Non-Hodgkin's lymphoma of the testicle and bilateral adrenals detected by 18F-FDG PET/CT
- Authors:
- Published online on: June 29, 2011 https://doi.org/10.3892/etm.2011.300
- Pages: 817-820
Abstract
Case report
A 55-year-old Chinese male presented with a history of left lumbar pain for 1 month without frequency, urgency or dysuria. He had no fever, his appetite was normal, and no weight loss or gain was noted. The patient had no significant family history of illness. During the clinical examination, he appeared healthy. His blood pressure was 128/78 mmHg, his pulse 80 beats/min and his temperature was 36.2°C. There was no skin or sclera icterus, and no superficial swollen lymph node was noted. The lungs were clear upon auscultation. The abdomen of the patient was soft and non-tender; there was no hepatomegaly or splenomegaly. Upon neurological examination, the patient appeared alert and orientated to time, place and people. Normal muscle bulk and tone with full strength in both arms and legs were noted.

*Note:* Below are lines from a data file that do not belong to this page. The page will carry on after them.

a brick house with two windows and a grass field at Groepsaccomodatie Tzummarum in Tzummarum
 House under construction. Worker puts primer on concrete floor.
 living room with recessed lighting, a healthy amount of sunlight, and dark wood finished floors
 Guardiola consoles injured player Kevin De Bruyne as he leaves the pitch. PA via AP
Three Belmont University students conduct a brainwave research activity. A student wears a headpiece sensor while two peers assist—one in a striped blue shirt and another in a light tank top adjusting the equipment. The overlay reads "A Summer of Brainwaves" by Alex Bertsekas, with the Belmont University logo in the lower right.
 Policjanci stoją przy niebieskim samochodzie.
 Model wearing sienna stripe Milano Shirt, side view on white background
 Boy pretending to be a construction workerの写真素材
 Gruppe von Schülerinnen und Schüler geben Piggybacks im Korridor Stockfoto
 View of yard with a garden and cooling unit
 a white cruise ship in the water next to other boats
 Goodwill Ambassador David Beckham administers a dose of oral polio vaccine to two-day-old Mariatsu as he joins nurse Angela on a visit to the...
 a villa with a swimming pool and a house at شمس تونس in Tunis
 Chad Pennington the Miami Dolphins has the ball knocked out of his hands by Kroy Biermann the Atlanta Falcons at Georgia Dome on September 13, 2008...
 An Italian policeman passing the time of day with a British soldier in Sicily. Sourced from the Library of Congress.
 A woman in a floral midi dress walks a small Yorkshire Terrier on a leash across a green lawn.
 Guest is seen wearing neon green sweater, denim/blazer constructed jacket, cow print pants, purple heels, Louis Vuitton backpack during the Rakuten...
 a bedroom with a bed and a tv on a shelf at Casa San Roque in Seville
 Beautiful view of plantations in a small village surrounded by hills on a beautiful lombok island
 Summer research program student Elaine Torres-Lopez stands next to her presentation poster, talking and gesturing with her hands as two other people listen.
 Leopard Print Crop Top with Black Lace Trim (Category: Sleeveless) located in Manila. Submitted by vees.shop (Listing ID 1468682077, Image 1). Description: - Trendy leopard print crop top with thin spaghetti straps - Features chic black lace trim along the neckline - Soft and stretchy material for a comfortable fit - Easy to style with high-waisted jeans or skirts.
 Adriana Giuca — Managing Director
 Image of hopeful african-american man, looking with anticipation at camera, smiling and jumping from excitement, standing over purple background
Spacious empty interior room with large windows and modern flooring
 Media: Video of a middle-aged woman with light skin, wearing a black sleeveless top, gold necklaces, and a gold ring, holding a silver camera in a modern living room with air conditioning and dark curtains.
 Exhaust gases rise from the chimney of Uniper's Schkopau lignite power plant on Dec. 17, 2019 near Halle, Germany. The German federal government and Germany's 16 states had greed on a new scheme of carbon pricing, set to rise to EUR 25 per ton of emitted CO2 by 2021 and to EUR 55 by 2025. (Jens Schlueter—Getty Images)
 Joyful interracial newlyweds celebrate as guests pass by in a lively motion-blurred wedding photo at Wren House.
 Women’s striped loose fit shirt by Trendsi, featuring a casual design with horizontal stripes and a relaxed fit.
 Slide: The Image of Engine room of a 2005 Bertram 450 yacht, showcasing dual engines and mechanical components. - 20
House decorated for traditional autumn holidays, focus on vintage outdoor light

Routine laboratory tests of blood, urine and feces were normal. CT scan of the abdomen demonstrated large bilateral adrenal masses with heterogenous enhancement. The left adrenal gland measured 6.81×8.78 cm and the right adrenal gland measured 8.22×6.15 cm in its greatest dimension (Fig. 1). Swollen lymph nodes were detected in the abdomen. Based on the CT findings, a provisional diagnosis of adrenal metastases or possible malignant tumor of the adrenals was made.
To further confirm the diagnosis and staging of the disease, an 18F-FDG PET/CT scan was obtained per physician’s request. The scan showed high FDG uptake in the bilateral adrenals with a max standard uptake value (SUV) of 29.0 (Fig. 2), high uptake in the retroperitoneal swollen lymph nodes with a max SUV of 24.0 and high focal uptake in the left testicle with a max SUV of 21.0 (Fig. 3), corresponding to a soft tissue nodule on CT. Based on the PET/CT findings, the diagnosis of a primary malignant tumor, e.g., lymphoma, was made and further work-up was recommended.
An ultrasound examination of the testis was subsequently performed and showed a hypoechoic area above the left epididymis, suspicious of a space-occupying lesion.
Finally, several days later, the patient underwent a left orchiectomy. Histopathological examination of the left testicle revealed diffuse large B-cell lymphoma (DLBCL); immunohistochemistry tested positive for cytoplasmic CD20, CD79α and CD117 (Fig. 4). Following the orchiectomy, the patient was treated with two cycles of CHOP chemotherapy (cyclophosphamide, doxorubicin, vincristine and prednisone) which was well tolerated. A mid-cycle 18F-FDG PET/CT was performed 21 days after the first two chemotherapy cycles and demonstrated no abnormal FDG uptake in the regions of the bilateral adrenals and retroperitoneal lymph nodes, which were much smaller or disappeared on CT (Fig. 5). This was followed by another four cycles of chemotherapy.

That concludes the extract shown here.